Children’s National Hospital welcomes Muller Fabbri, M.D. Ph.D., as associate director for the Center for Cancer and Immunology Research at the Children’s National Research Institute. In this role, he will build and lead the Cancer Biology Program while developing and conducting basic and translational research. Dr. Fabbri will also develop multidisciplinary research projects with various clinical divisions, including oncology, blood and marrow transplantation, pathology and hematology.

Dr. Fabbri shares his journey working with microRNAs, how his work is advancing the field and his vision for the Center for Cancer and Immunology Research at Children’s National.

Q: You have been working with microRNAs for quite some time. How are you exploring the role of microRNAs in cancer?

A: It was well established within the scientific community that a gene, which is a piece of DNA, becomes a piece of RNA and then becomes a protein. This thought process was pretty much a one-way flow of information that we had, going from DNA to protein as part of a cell function. But, almost 30 years ago, it was discovered that this is not entirely true because what happens is that some of these genes that are transcribed into RNA do not become a protein. Instead, they stay as RNA. Some of these RNAs are tiny and have short sequences, which is why they are called microRNAs.

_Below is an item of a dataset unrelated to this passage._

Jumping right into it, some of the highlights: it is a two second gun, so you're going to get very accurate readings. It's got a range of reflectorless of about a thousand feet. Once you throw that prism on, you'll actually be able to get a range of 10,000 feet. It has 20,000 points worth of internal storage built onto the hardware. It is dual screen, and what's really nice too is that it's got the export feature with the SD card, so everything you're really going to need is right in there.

I work primarily on microRNAs and non-coding RNAs and my research studies focus on the role that microRNAs play in cancer. I can take a cancer cell and a healthy cell and observe how these microRNAs are expressed in the two different cell populations. In this way, the microRNAs expressed in cancer cells are profoundly different from the microRNAs expressed in healthy cells.

We conducted a series of studies to observe what happens to a cancer cell if we restore normal levels of certain microRNAs like the ones you would see in a normal cell. We discovered that by restoring some of these microRNAs levels it led to the death of the cancer cells, suggesting that this approach may be used as a cancer treatment. This is one of the research areas that I will further develop at Children’s National as I seek to understand the mechanisms that control microRNA expression and subsequently affect cancer cell proliferation. With this information, we can target these mechanisms and create drugs that interfere with this function and, hopefully, stop cancer cell growth.

Q: Can you tell us about that eureka moment with your best friend during a lunch break?

A: This was a bit of a crazy idea. I will never forget. I shared a theory during a lunch break with a friend. I dared to ask, what if microRNAs worked like hormones? MicroRNAs can be detected in the blood of patients with cancer, and they can be transferred from one cell to another inside of little vesicles called exosomes. If you think about it, I further asked, what other molecules in our body behave like that — i.e. are secreted, circulate in the blood and then transferred to a target cell? My friend replied, “well, those would be hormones.” To which, I added, yes, exactly! Then, why do we not think of RNAs as hormones? And I quote him now, “you are crazy, but if it works it is huge.”

I felt that I had some validation from my best friend, so I decided to invest in this crazy idea, carving extra time on the side while working on my “safe” projects. It was one of those rare cases in science, where in a little over a year, we showed for the first time that microRNAs do not only work the traditional way, but they can also work as hormones. They do have a receptor protein to attach to, and by binding to this protein, they trigger a response in a cell that can be pro-tumoral or anti-tumoral.

Even today, if you open a textbook of endocrinology, under the chapter of hormones, it mentions that there are only two categories, proteins and lipids. Well, it turns out there is a third category, which is nucleic acids because of RNAs.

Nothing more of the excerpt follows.